En 1898, ébéniste et décorateur, il confie les plans de sa maison familiale à l'architecte Henri Sauvage (1859-1926), qui la construit en 1901 et 1902.
Reconstitution minutieuse
Devenue propriété de l’État à la mort de Louis Majorelle en 1926, l'élégante bâtisse aux fenêtres arrondies abrite des services administratifs. Les locaux ont été excessivement chauffés, endommageant boiseries et tentures. Beaucoup d'éléments ont été repeints en blanc, les décors en pochoirs recouverts et les vernis avaient noirci.
En 2003, la municipalité acquiert la maison, classée Monument historique dès 1996 puis labellisée Maison des illustres en 2011, et organise des visites guidées avant d'entamer des travaux de rénovation en 2016.
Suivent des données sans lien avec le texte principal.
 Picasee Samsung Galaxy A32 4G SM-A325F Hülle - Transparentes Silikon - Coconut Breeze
La réhabilitation, l'ameublement et la décoration de la villa ont été réalisés à partir de photographies anciennes issues des albums de famille. Chaque détail a été minutieusement étudié par un comité scientifique, composé notamment de spécialistes de l'Art nouveau.
Pour les murs de la salle à manger, la couleur de la peinture à l'huile a été déterminée à partir d'un simple fragment de papier peint d'origine.
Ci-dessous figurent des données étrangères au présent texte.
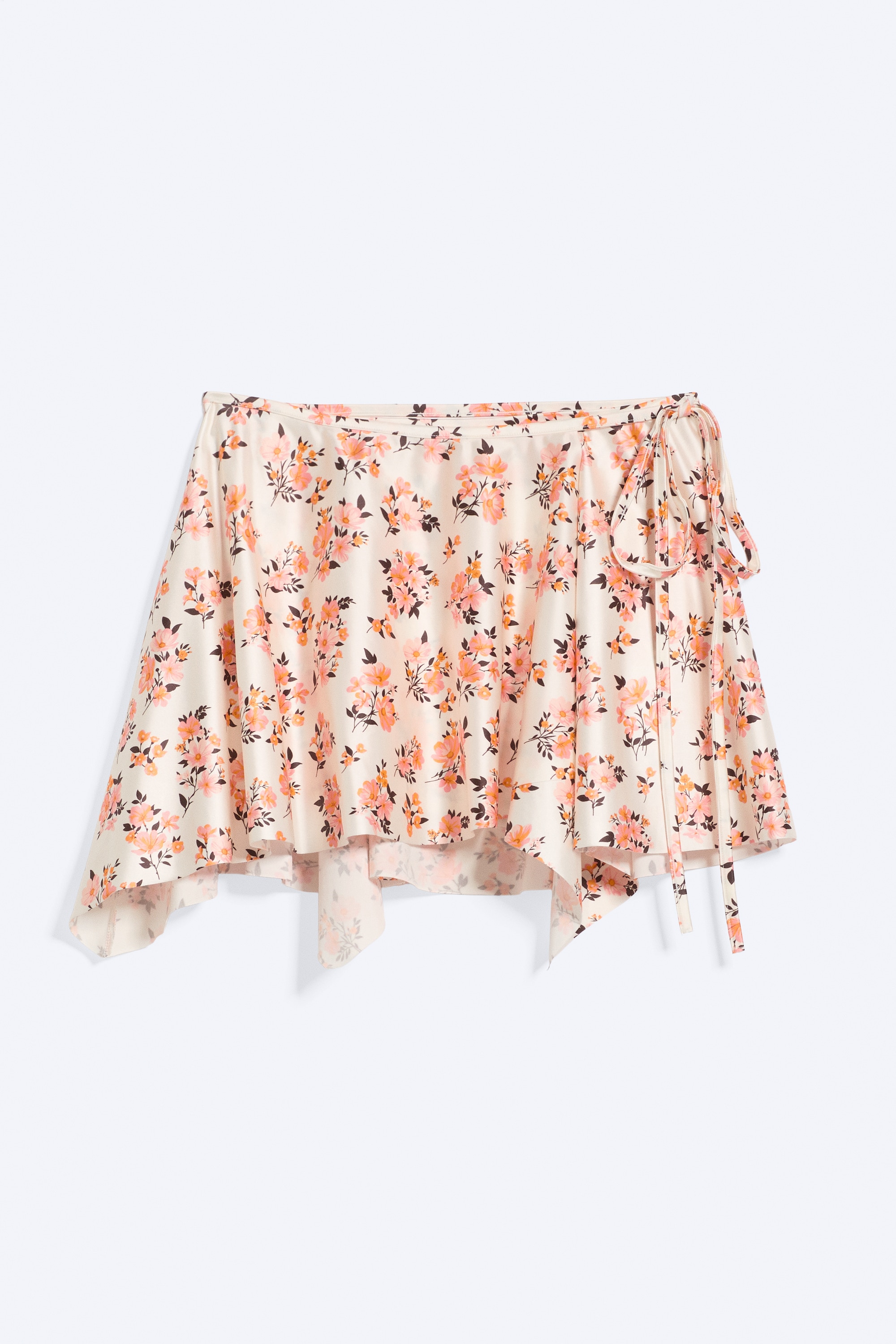 Asymmetric Wrap Mini Skirt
"Quand nous n'avions pas assez d'informations, nous avons décidé de ne pas faire du faux, de ne pas extrapoler et de rester dans un décor limité", précise Mme Thomas.
La Villa Majorelle - aussi appelée Villa Jika, d'après les initiales de l'épouse de l'artiste, Jane Kretz - a été aménagée avec du mobilier et des objets d'origine, acquis auprès de particuliers, issus du musée de l’École de Nancy ou fabriqués par des manufactures locales.
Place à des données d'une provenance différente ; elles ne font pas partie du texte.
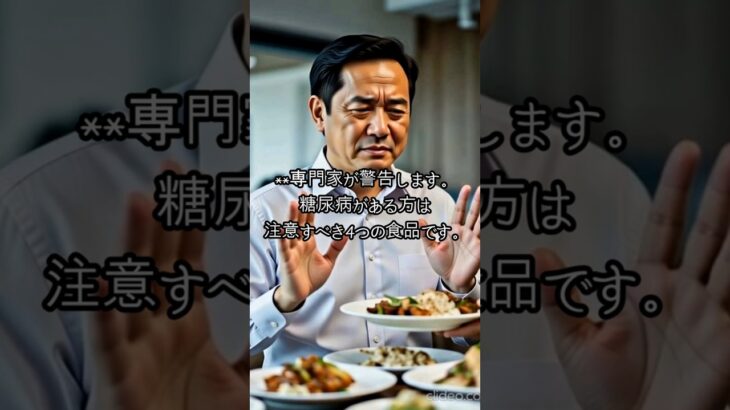 専門家が警告｜糖尿病の方が注意すべき食品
Au fil des pièces, des trésors se dévoilent: la porte d'entrée décorée avec des fleurs monnaie-du-pape, la frise de panneaux peints par Francis Jourdain dans la salle à manger, un lustre en métal et vitrail dans le vestibule, le lit "papillon" en placage de frêne avec des incrustations de nacre et de laiton.
La signalétique est volontairement minimaliste pour donner l'impression d'entrer dans la maison de Louis Majorelle, telle qu'elle était lorsqu'il l'occupait avec sa femme et son fils Jacques.
Deux ans de travaux sont encore nécessaires pour restaurer des pièces situées aux 1er et 2e étages, comme la salle de bain et l'atelier de Louis Majorelle.
La rénovation, qui a débuté par les extérieurs, aura coûté en tout 3,5 millions d'euros, financés en partie par des fonds de l'Union européenne, des subventions de la Région Grand Est et de l’État.